Linking and Separating


There is a Zen story about a man riding a horse that is galloping very quickly.

Another man, standing alongside the road, yells at him,

"Where are you going?" and the man on the horse yells back,

"I don't know. Ask the horse."

~ unknown


One of the most difficult challenges of Zen energy is getting out of your own way and letting the energy flow freely.  What typically happens, even among good performers, is a constant pushing-forward of the energy so it doesn’t fall flat.  It remains constantly present, slightly leaning into the future, even in ritardandos and dimuendos.  There’s a great piece of advice for conductors that applies just as well to all musicians – It’s like holding a bird in your hand.  Hold it too tightly and you’ll crush it; hold it too loosely and it’ll fly away.

A great deal of music-making is crushed – it’s given to the listener already half-dead.  The danger in approaching music from a Zen perspective is the opposite – you relax so much that it flies away free but meaningless.  As always, balance is the key.

When I feel the line breaking, I often experience what I can only describe as a vertical line in my head blocking it.  Once I identify the blocking energy, I’m able to remove it and the music flows again. 

My first goal in purifying the energy is to unify each individual gesture, starting from phrase segments, then working up to whole phrases, then phrase groupings.  Once I’ve cleared away the excess energy blocking the lines, I go back and deliberately enter punctuation marks to separate gestures and clarify their meaning.  It was only around the middle of the 19th century that some composers (Liszt and Chopin, for example) started inserting commas and other punctuation marks beyond the traditional musical notation. 

How does one gesture connect to the next?  There are as many possibilities as there are in written language, and more, but here are the five most common punctuations between gestures and phrases:

1) and




2) , and

, but

, or

3)   .   . . .

4)  ?  …

5)   !   . . .

In the first group of examples, there’s no comma, simply a conjunction.  In the second, there’s a comma followed by a conjunction.  In the third, a full stop (period).  In the fourth, a question mark.  The fifth, an exclamation mark.  This subject alone is material for a full book that’s surely already been written and I won’t belabor it, but it’s important to realize that it’s usually the interpreter’s responsibility to insert punctuation marks into his score as specifically as possible because the composer generally leaves it up to us.

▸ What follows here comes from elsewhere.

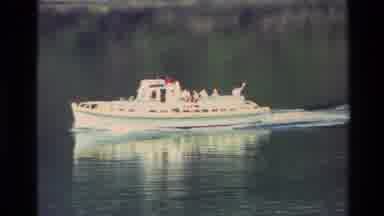 New Zealand (1982): Boat Glides Down The River And Nears A Small Town Built Into A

And how often a simple punctuation mark, the slightest pause or lingering, clarifies the architecture and meaning of an entire section, sometimes even making or breaking an entire work! 

Let’s look now at a few examples from our Prelude.  Imagine it for a moment from a Verdian perspective.  The heroin has been condemned to death for killing her own brother as she rescued him from certain death.  There’s a great chorus of monks chanting in Latin from inside the Cathedral, “Eternum!  Eternum! Eternum!”

From her cell she laments, in Italian, her wretched state: 

“Pietà, pietà!  Mi senti,?  Pietà!  Maria,  pietà!  Mi senti?  Pietà!
Pietà di me, di me pietà!  Amor fatal, pietà di me!”

Sing and play your way through it a couple of times.  Do the words and their punctuation affect the way you play the passage?

Try creating your own operatic scenario and lyrics.